#### TASK BRIEF
Please transcribe the listing below in full and word for word, without its pictures.

#### DATA SHOWN
= Beginning of Section =

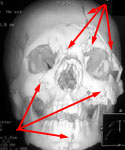 Множественная черепно-лицевая травма: КТ в прямой проекции до операции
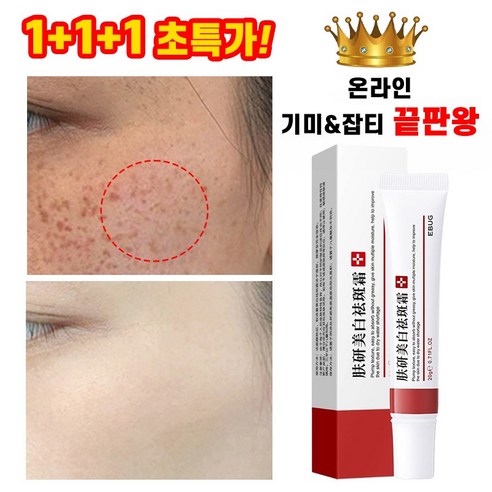 [당일배송] 1/1+1/1+1+1 기미크림 얼굴 기미잡티 제거크림 피부 색소침착 반점 주근깨 제거, 1+1개, 50ml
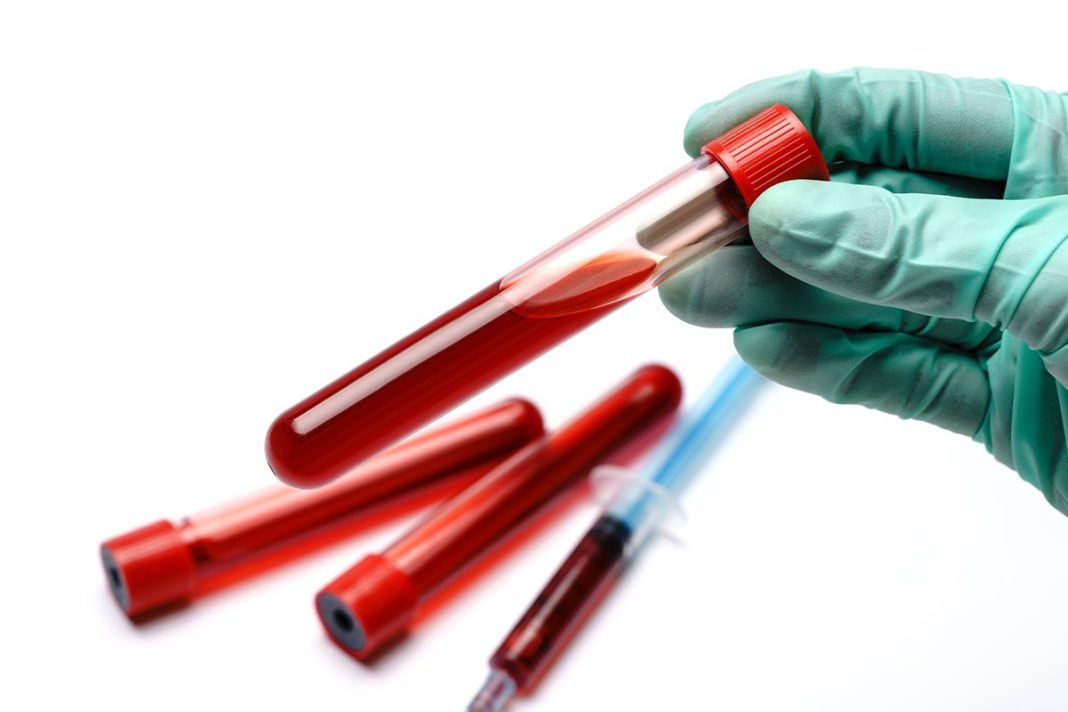 FABRICACIÓN DE SANGRE ARTIFICIAL EN POLVO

= End of Section =

#### EXPECTED OUTPUT
 Множественная черепно-лицевая травма: КТ в прямой проекции до операции
 [당일배송] 1/1+1/1+1+1 기미크림 얼굴 기미잡티 제거크림 피부 색소침착 반점 주근깨 제거, 1+1개, 50ml
 FABRICACIÓN DE SANGRE ARTIFICIAL EN POLVO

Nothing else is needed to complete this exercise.